JCI網走は在籍年数が3年以下となる会員数が過半数以上を占める構成で成り立っており、運動の日程や内容、会員がやるべきことについて、組織内で情報共有を円滑にかつ確実に行うことが、組織の士気に大きく関わる。組織の風通しをよく、会員の能力を最大限に発揮できる情報共有を実現しよう。
理事会・総会など組織の意思決定に関する諸会議は、WEB参加も可能である構図が当たり前になっている。今この時代だからこそ「リアル」で得られる経験を大切にし、歴史と伝統あるJCI網走の知識とあわせて、我々が巻き起こす運動に知恵を導き出す環境を整備しよう。記録保存など組織の基盤整備は、新たな発想や柔軟な思考で生産性向上を目指し、習慣にとらわれず、JCI網走の未来へとつなぐ確かな情報として集積しよう。
北方領土の問題は、関係諸国の情勢に関わらず、解決を願う我々の意志を市民に伝え、共に問題解決へ向けて行動する。我々は確固たる国家観を持ち、問題解決に向け世論を高め、市民に主権者としての行動を促すべく、運動を展開していく。
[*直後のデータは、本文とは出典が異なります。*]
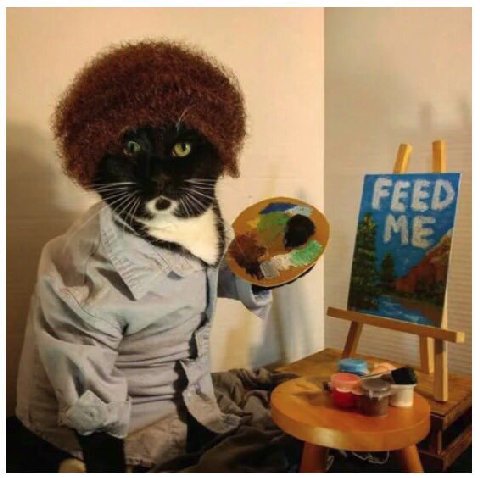 FEED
総務の仕事は、決して目立つものではない。しかし、この組織にとって必要不可欠な存在である。網走という大地に根付くJCI網走という大木の根幹として、あらゆる情報という栄養素を吸収しながら組織を支えていこう。
【防災・減災に向けて】
近年の気候変動による集中豪雨や台風、連続降雨、地震動等の影響により土砂災害や浸水被害等が日本、北海道各地で頻発し、この網走においても台風による浸水や暴風雪による交通障害、胆振東部地震によるブラックアウト等、市民の生命や生活が脅かされ、安全性や利便性の低下や、経済活動が制限されたことは記憶に新しい。今こそ、災害の発生を事前に防ぐ防災の意識のみならず、災害の被害を最小限に抑える減災の意識をもち、不測の事態に備えよう。
日頃からの備えと災害対応体制の整備を目的として、網走市、社会福祉協議会、JCI網走三者による災害に関する協定を締結して4年目を迎える。先輩各氏がつないできた青年会議所としての組織のネットワークを活かし、不測の事態に地域に信頼される存在でいられるように、地域におけるつながりを更に深めていこう。
【地区大会の実現へ向けて】
網走青年会議所は、2021年に「第15期LOM中期ビジョン」及び「網走JC宣言」
を掲げて、2022年、その実現に向け第74回北海道地区大会主管立候補を決議した。札幌以外の地域で初めて開催に手を挙げ、1955年第4回大会網走大会の主管をして以来、網走青年会議所は6度の主管を経験してきた。我々は、新たな世代で北海道地区大会網走大会の実現へ向けて挑戦する姿勢を貫き、JCI網走の明るい未来を創出する。 まずは、JCI網走が大会を主管してきた歴史と伝統を踏まえ、地区大会主管立候補届出書の作成、現地調査への対応、会員会議所会議でのプレゼンテーションを着実に行い、地区大会誘致の決定を成し遂げよう。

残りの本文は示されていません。